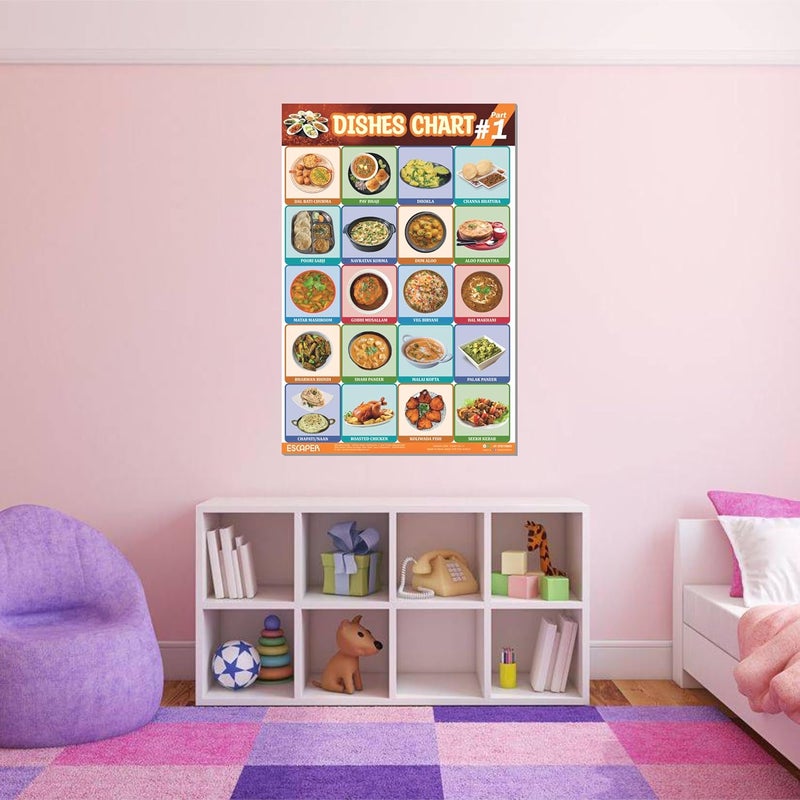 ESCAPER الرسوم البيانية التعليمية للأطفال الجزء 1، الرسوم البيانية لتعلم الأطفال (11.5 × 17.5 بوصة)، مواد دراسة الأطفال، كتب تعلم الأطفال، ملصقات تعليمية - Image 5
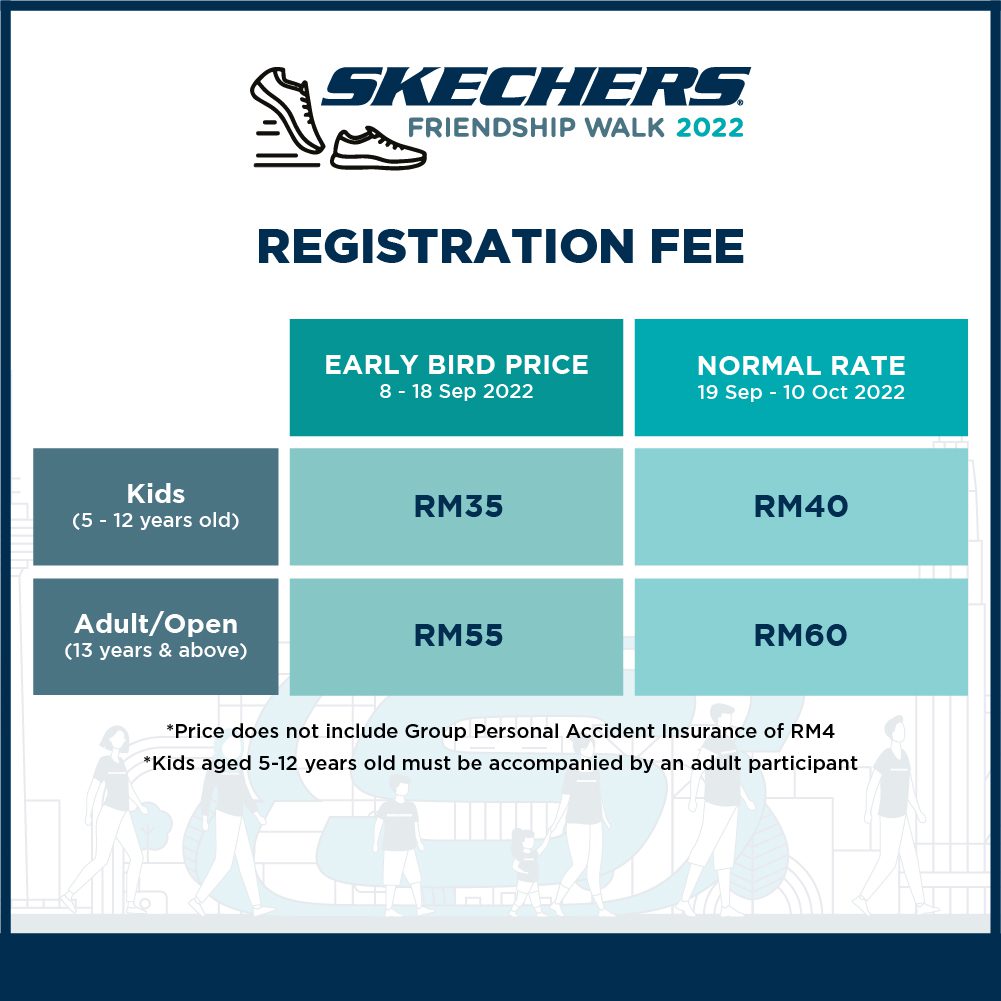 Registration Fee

* * *

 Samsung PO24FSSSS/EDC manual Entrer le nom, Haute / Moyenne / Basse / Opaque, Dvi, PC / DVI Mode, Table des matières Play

--

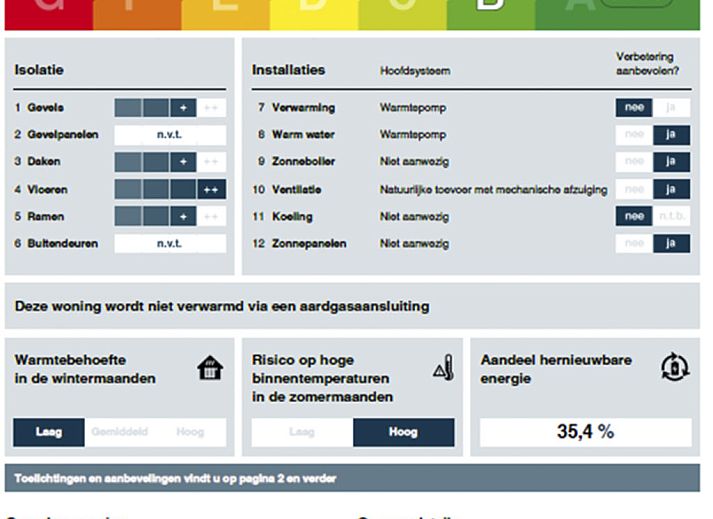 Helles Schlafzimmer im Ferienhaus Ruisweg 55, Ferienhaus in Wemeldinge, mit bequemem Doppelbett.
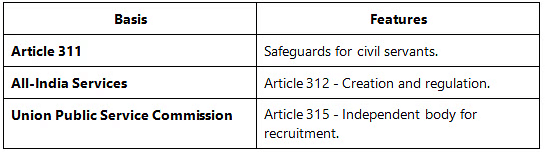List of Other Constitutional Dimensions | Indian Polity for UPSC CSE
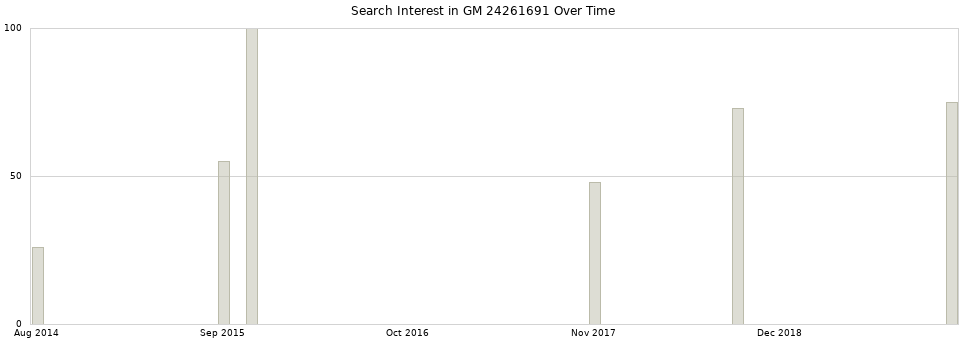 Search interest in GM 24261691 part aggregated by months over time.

■ **How to complete this task**: Among the records above, locate the line containing "ESCAPER الرسوم البيانية" and the line containing "Registration Fee", then transcribe exactly the lines starting at the first and ending at the second, with no pictures.

■ **Task output**:
 ESCAPER الرسوم البيانية التعليمية للأطفال الجزء 1، الرسوم البيانية لتعلم الأطفال (11.5 × 17.5 بوصة)، مواد دراسة الأطفال، كتب تعلم الأطفال، ملصقات تعليمية - Image 5
 Registration Fee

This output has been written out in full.